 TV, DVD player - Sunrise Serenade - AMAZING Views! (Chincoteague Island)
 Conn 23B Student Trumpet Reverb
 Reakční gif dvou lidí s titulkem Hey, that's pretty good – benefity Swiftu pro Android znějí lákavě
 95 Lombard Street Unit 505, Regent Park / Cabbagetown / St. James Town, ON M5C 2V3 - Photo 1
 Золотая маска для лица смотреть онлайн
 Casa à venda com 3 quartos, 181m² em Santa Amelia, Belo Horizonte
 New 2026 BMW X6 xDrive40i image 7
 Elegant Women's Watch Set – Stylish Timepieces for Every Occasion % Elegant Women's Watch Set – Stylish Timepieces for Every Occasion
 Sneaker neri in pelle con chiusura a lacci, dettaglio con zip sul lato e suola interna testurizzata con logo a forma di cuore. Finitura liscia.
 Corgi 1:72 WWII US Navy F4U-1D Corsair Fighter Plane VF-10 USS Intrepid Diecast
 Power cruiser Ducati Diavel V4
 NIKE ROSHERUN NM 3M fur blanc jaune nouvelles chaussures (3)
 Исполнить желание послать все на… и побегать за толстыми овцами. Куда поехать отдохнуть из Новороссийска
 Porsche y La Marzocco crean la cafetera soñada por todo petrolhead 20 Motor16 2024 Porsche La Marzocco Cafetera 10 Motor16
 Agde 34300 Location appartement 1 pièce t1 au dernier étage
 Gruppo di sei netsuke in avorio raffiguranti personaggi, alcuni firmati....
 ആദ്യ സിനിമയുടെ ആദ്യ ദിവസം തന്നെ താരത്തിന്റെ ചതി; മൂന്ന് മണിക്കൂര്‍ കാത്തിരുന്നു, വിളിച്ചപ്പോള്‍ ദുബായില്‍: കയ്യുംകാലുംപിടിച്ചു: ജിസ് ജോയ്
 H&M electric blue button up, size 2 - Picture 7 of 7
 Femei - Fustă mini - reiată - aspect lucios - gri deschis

§ **WHAT YOU ARE ASKED TO DO**
Your task is to reproduce exactly the lines that begin at the line containing "Agde 34300 Location" and end at the final line of the data above.

§ **OUTPUT OF THE EXERCISE**
 Agde 34300 Location appartement 1 pièce t1 au dernier étage
 Gruppo di sei netsuke in avorio raffiguranti personaggi, alcuni firmati....
 ആദ്യ സിനിമയുടെ ആദ്യ ദിവസം തന്നെ താരത്തിന്റെ ചതി; മൂന്ന് മണിക്കൂര്‍ കാത്തിരുന്നു, വിളിച്ചപ്പോള്‍ ദുബായില്‍: കയ്യുംകാലുംപിടിച്ചു: ജിസ് ജോയ്
 H&M electric blue button up, size 2 - Picture 7 of 7
 Femei - Fustă mini - reiată - aspect lucios - gri deschis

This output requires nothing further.